Work to complete: Output the lines of the listing below exactly, starting at the line containing "Номер Executive, La" and stopping after the last line, with any pictures dropped.

====== Data for processing

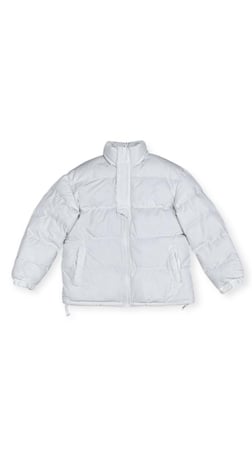 Elegant white puffer jacket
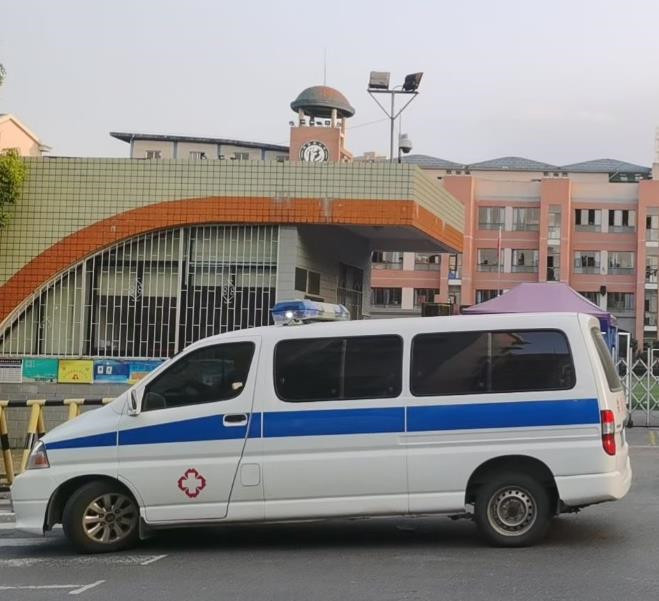 路北救护车出租护送骨折病人一公里多少钱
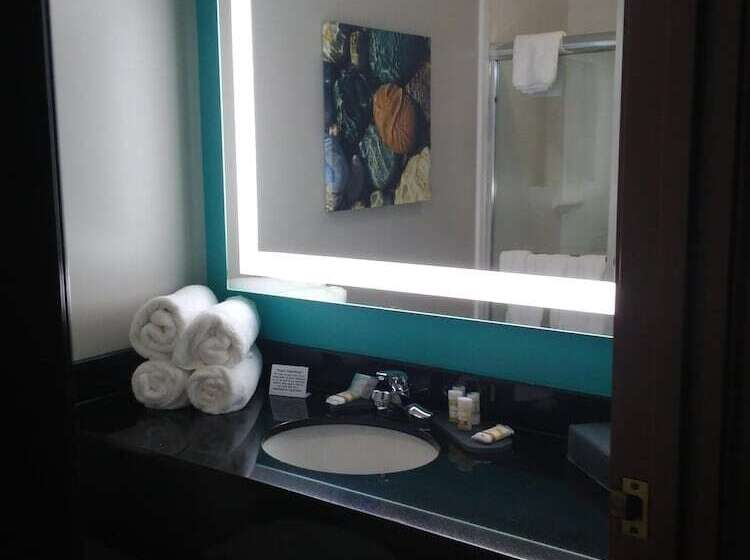 Номер Executive, La Quinta By Wyndham Jamestown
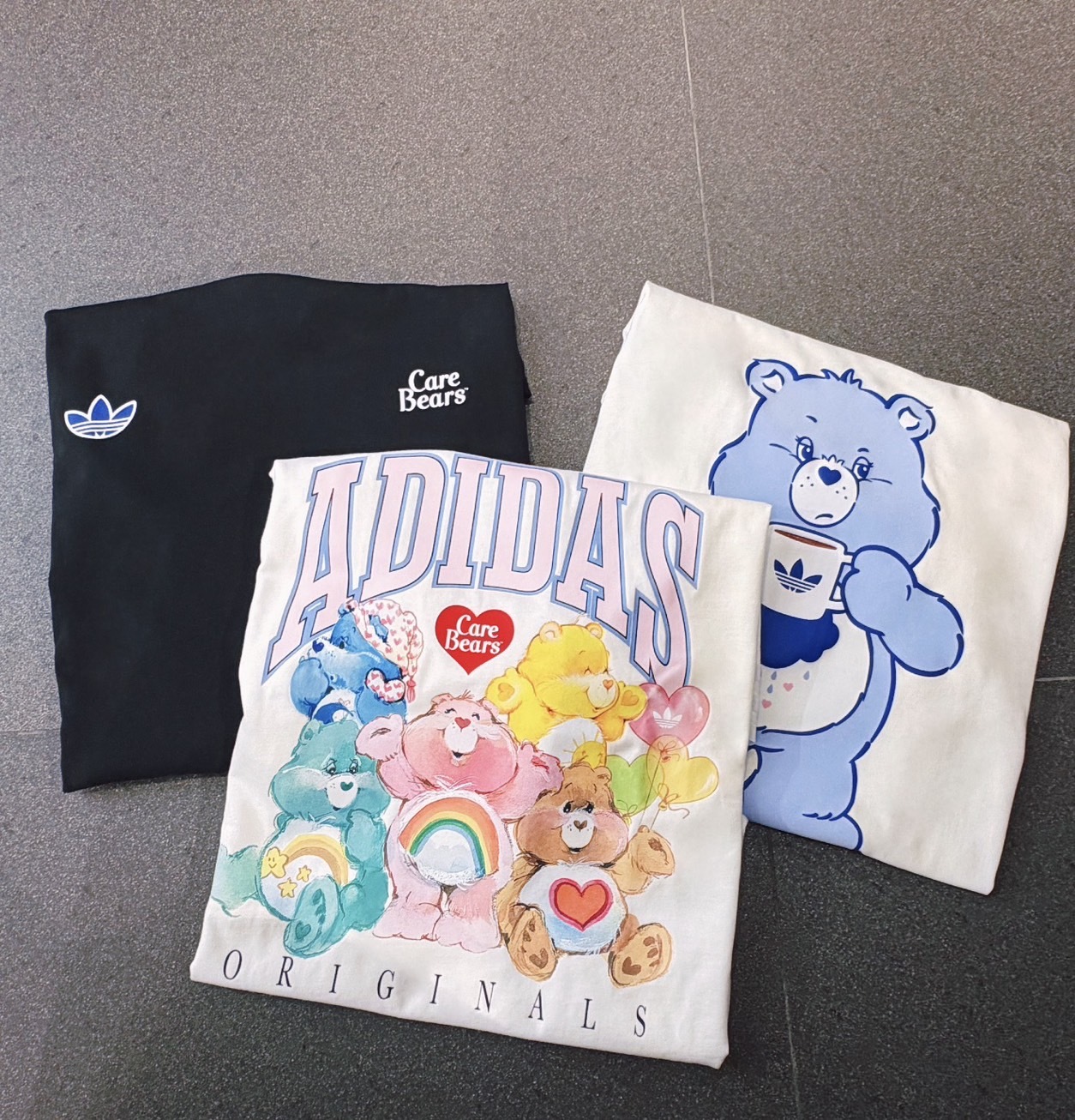 【Luxury】Adidas x Care Bears 彩虹小熊 彩虹熊 聯名 三葉草 愛迪達 小熊 熊公仔 短袖 全家福 男女款 T-SHIRT 新款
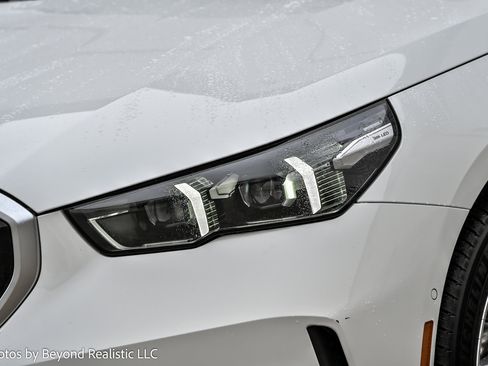 Used 2024 BMW 530i xDrive w/ Convenience Package image 11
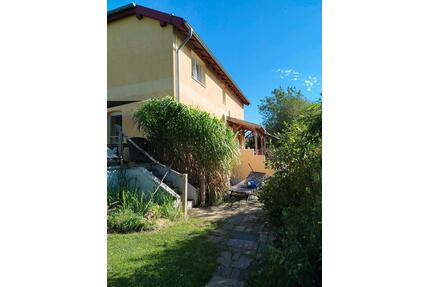 Freistehendes Einfamilienhaus 120 m² + 1700m² Eigenland - Lüdersdorf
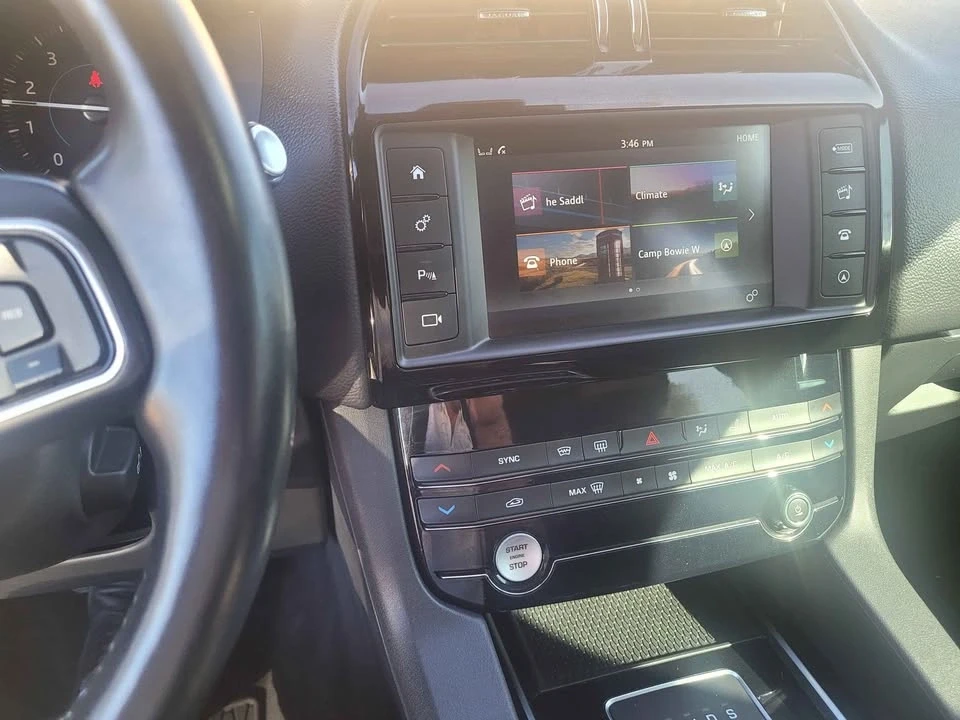 2018 Jaguar F-Pace - Image 8 of 9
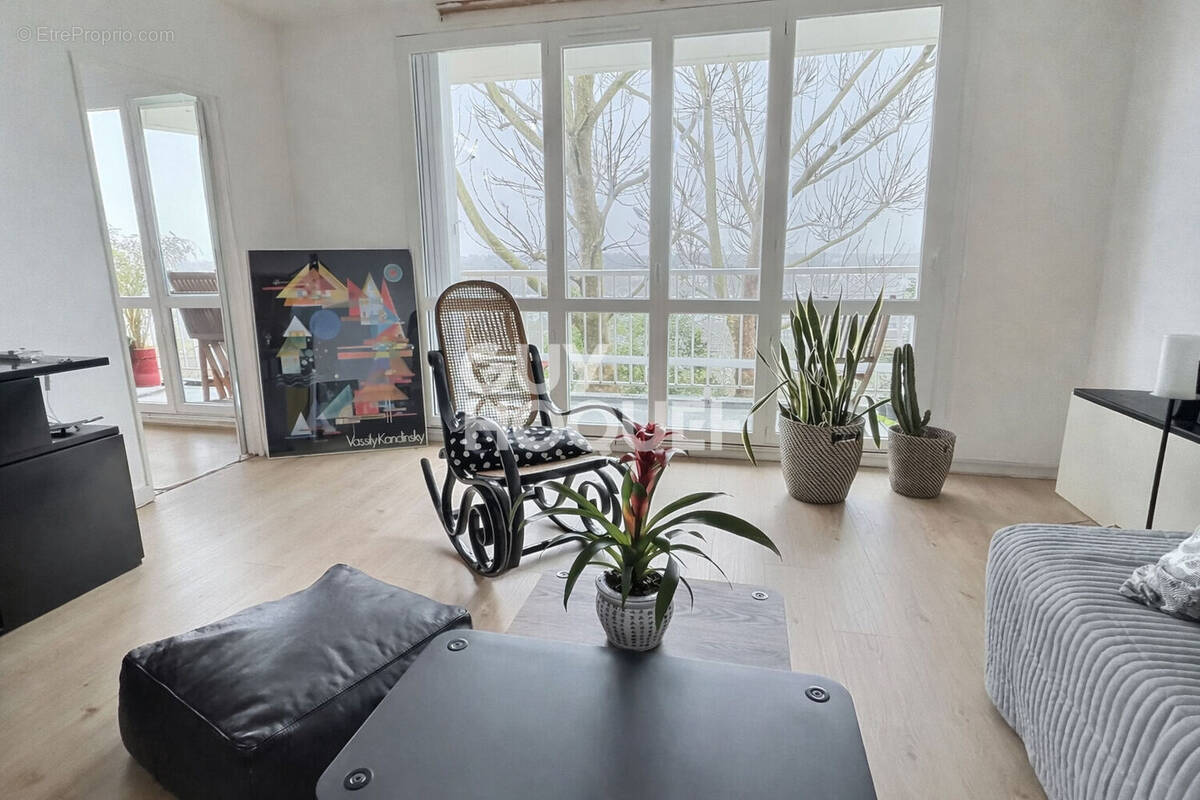 Appartement à CORBEIL-ESSONNES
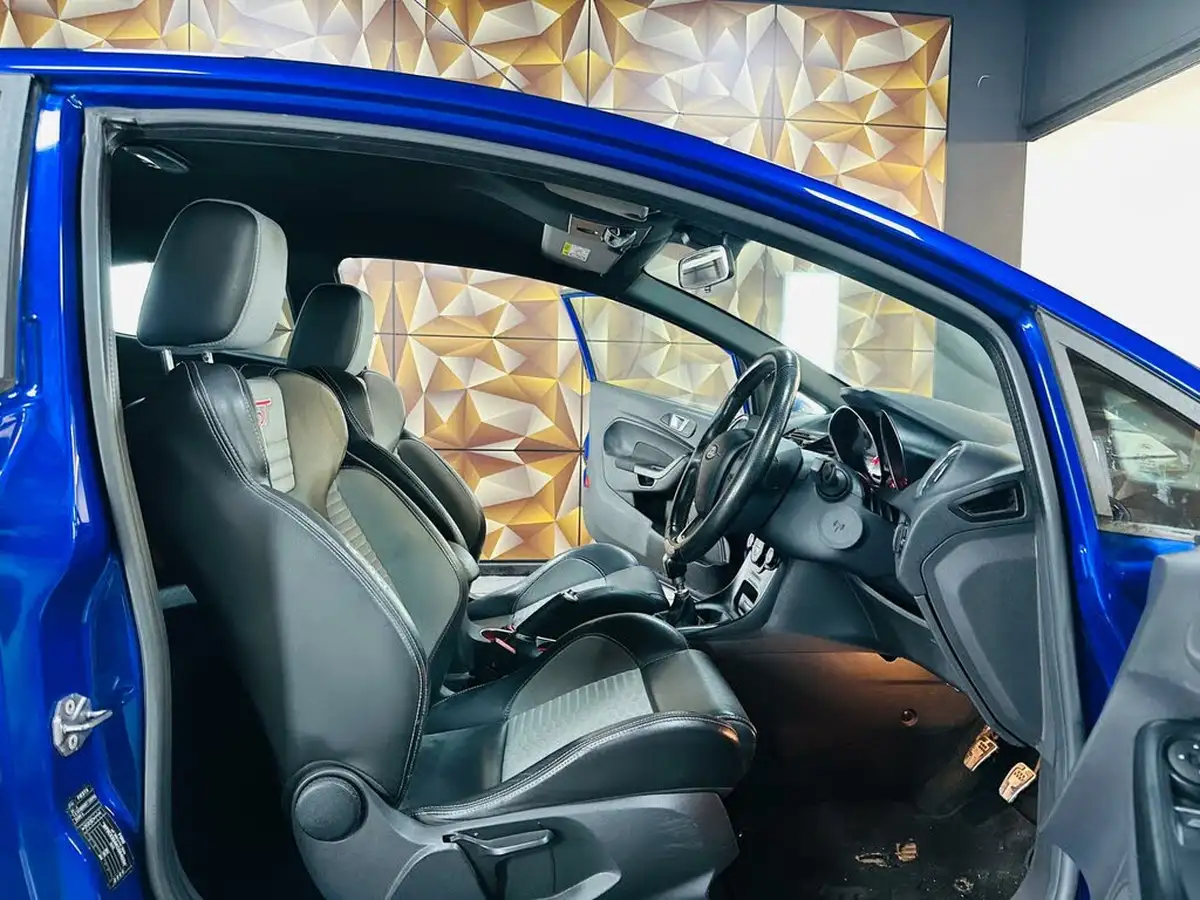 2016-ford-fiesta-16-st-2-3d-big-53
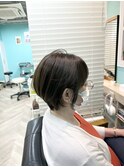 横顔美人ショートボブ×オリーブベージュ×白髪ぼかし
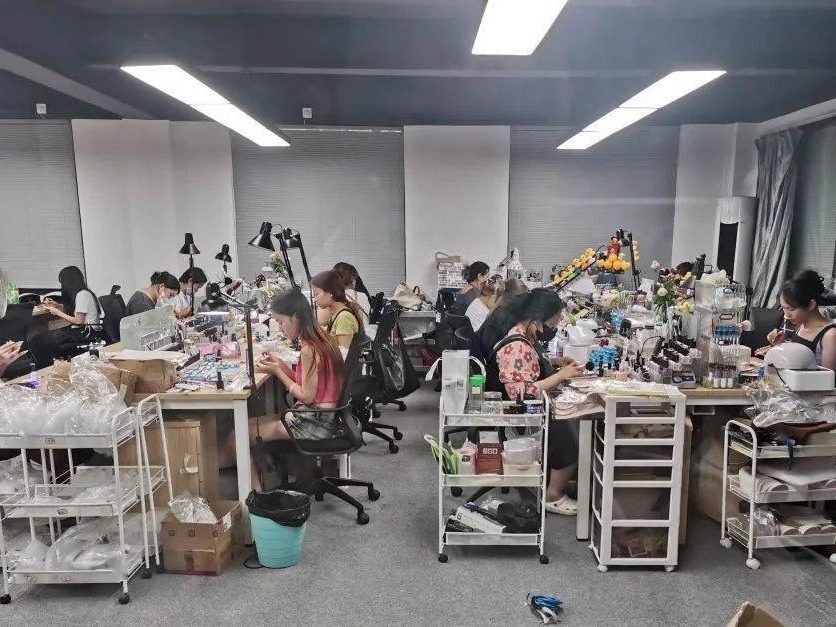 鲤跃龙门 纯手工法式猫眼穿戴甲新年粉金鲤鱼显白气质战甲减龄款,淘宝优惠券,粉丝福利购,淘宝优惠卷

============

Finished exercise:
 Номер Executive, La Quinta By Wyndham Jamestown
 【Luxury】Adidas x Care Bears 彩虹小熊 彩虹熊 聯名 三葉草 愛迪達 小熊 熊公仔 短袖 全家福 男女款 T-SHIRT 新款
 Used 2024 BMW 530i xDrive w/ Convenience Package image 11
 Freistehendes Einfamilienhaus 120 m² + 1700m² Eigenland - Lüdersdorf
 2018 Jaguar F-Pace - Image 8 of 9
 Appartement à CORBEIL-ESSONNES
 2016-ford-fiesta-16-st-2-3d-big-53
 横顔美人ショートボブ×オリーブベージュ×白髪ぼかし
 鲤跃龙门 纯手工法式猫眼穿戴甲新年粉金鲤鱼显白气质战甲减龄款,淘宝优惠券,粉丝福利购,淘宝优惠卷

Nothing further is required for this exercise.